NÖROBİLİM :: FATALİZM :: KADERCİLİK

 

Önce şu özgür irade (free will) ne demek onu açıklamakla başlayalım...

Özgür irade bir kişinin eylemlerini, karar ve tercihlerini arzu, niyet ve amaçlarına göre kontrol altında tutabilme ve belirleme gücüdür.

Bireyin böylesine bir gücü var mıdır?

Nörobilim der ki, insan doğru, tutarlı ve sağlam karar ve tercihlerde bulunamaz zira insanın içindeki ben (bilinçaltı) nasıl yetişmişse, nasıl öğrenmişse ona göre karar verir... Dindar bir insan muhafazakar düşünce içinde yetiştiği için çevresinden gördüklerini  ve yaşadıklarını bilinçaltında depolar ve zamanı geldiğinde bu veriler/bilgiler ışığında eylemde bulunur...  Bu örnekteki, dindar insan bilinçaltındaki alışkanlıkların esiridir.

Bilim böyle der... Felsefe ve Teoloji ise duruma farklı bakar...
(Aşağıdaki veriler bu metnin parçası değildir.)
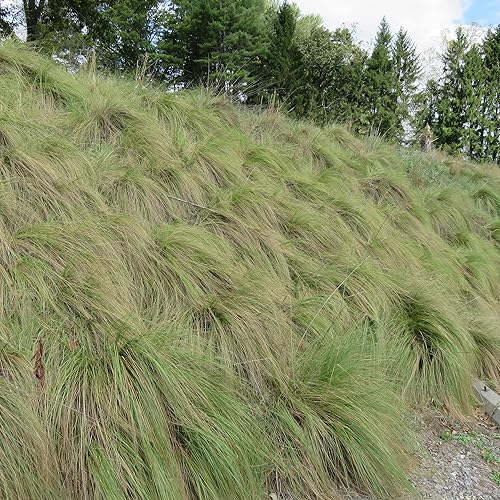 Miniatura 5 de YEGAOL Garden - Semillas de Lovegrass llorón Eragrostis Curvula perenne tolerantes a la sequía utilizadas como cultivo de forraje para ganado,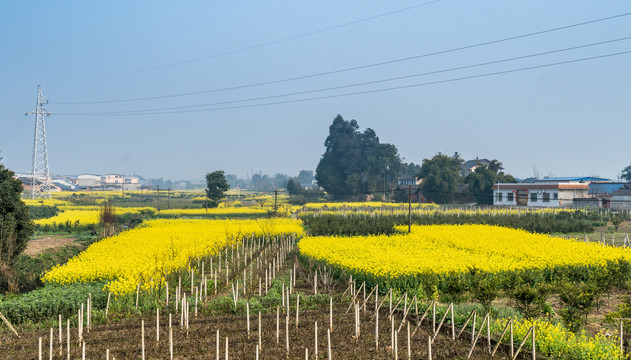 川西平原天府之国油菜花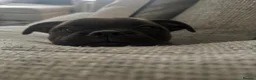 Staffordshire Bull Terrier dogs for sale: KC Brindle Staffordshire Bull Terrier Puppies - Advert 8
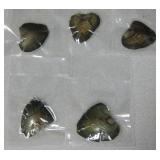 Lot of 5 Oysters, Sealed in Plastic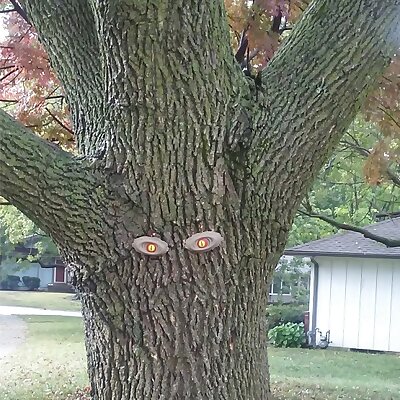 Spooky Tree Eyes Kit For Halloween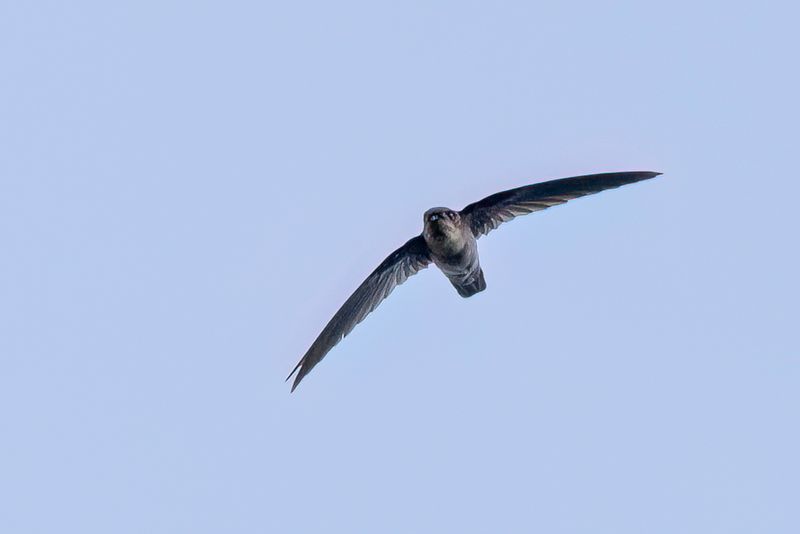 Uniform Swiftlet - Grijze Salangaan - Salangane de Vanikoro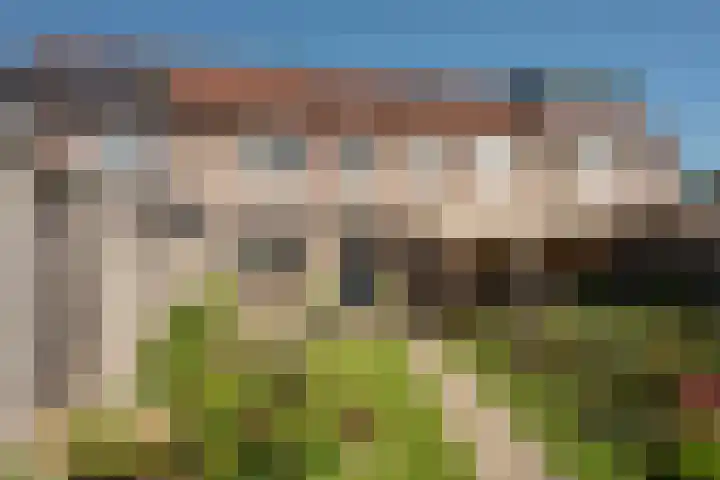 Ankrot 63 Enschede thumbnail 25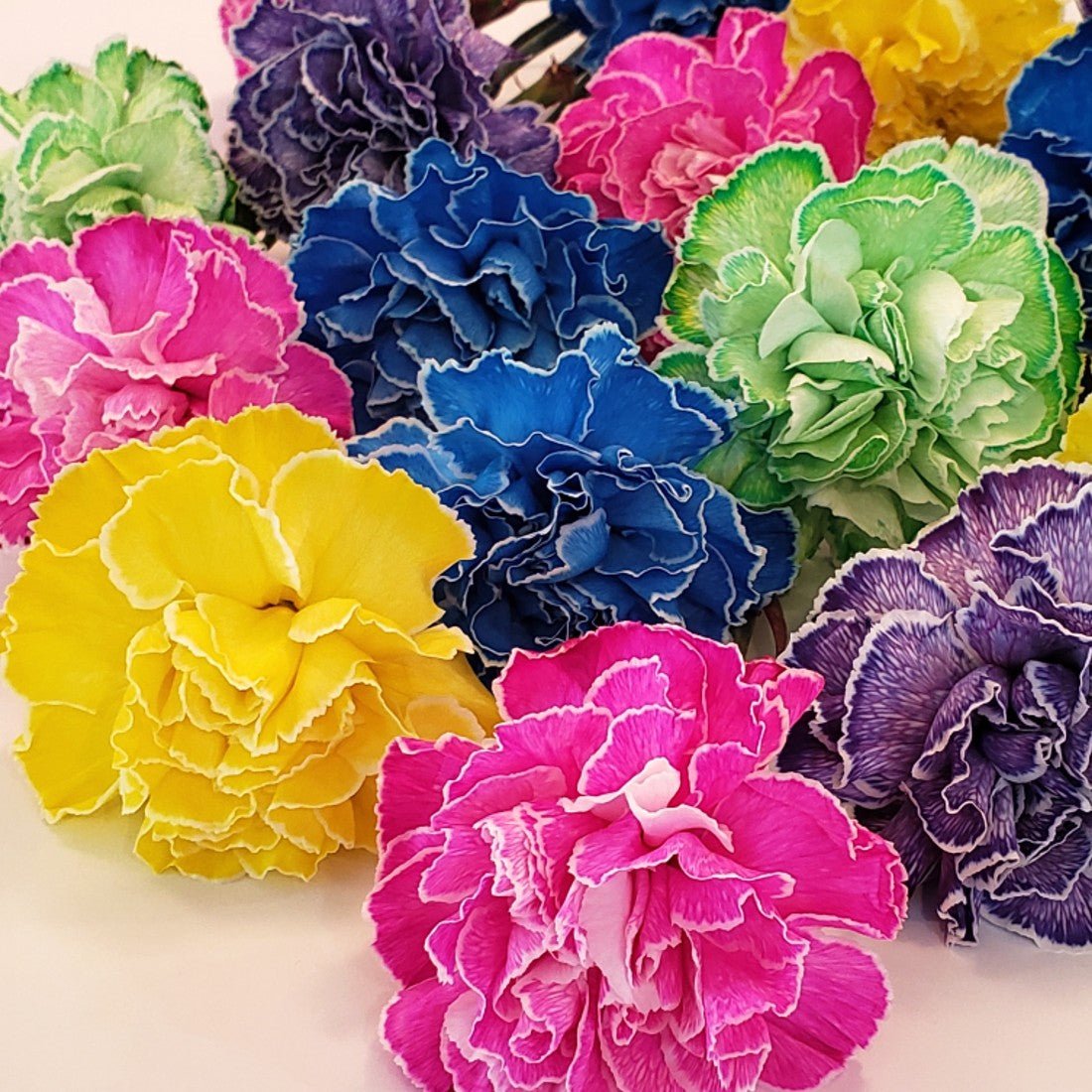 Custom Tinted Bulk Carnations - Flowers For FundraisingCustom Tinted Bulk CarnationsCustom Tinted Bulk CarnationsCustom Tinted Bulk CarnationsCustom Tinted Bulk Carnations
Örneğin, kadercilik (fatalism) her şeyin ama her şeyin doğaüstü bir güç tarafından belirlendiğini ve hiç bir kimsenin bu yazgıyı değiştiremeyeceğini savunur... Her şey önceden belirlenmiştir... Her şeyi bilen, her şeyi önceden planlayan bir üst irade vardır. Bireyin iradesi bir yere kadar anlamlıdır ve değerlidir, bir noktadan sonra hiç bir şeye yaramaz, yada sonuç üzerinde etkili olamayacağından ya da sonucu değiştiremeyeceğinden anlamsız ve değersizdir. Birey ve iradesi aslında  bir hiçtir!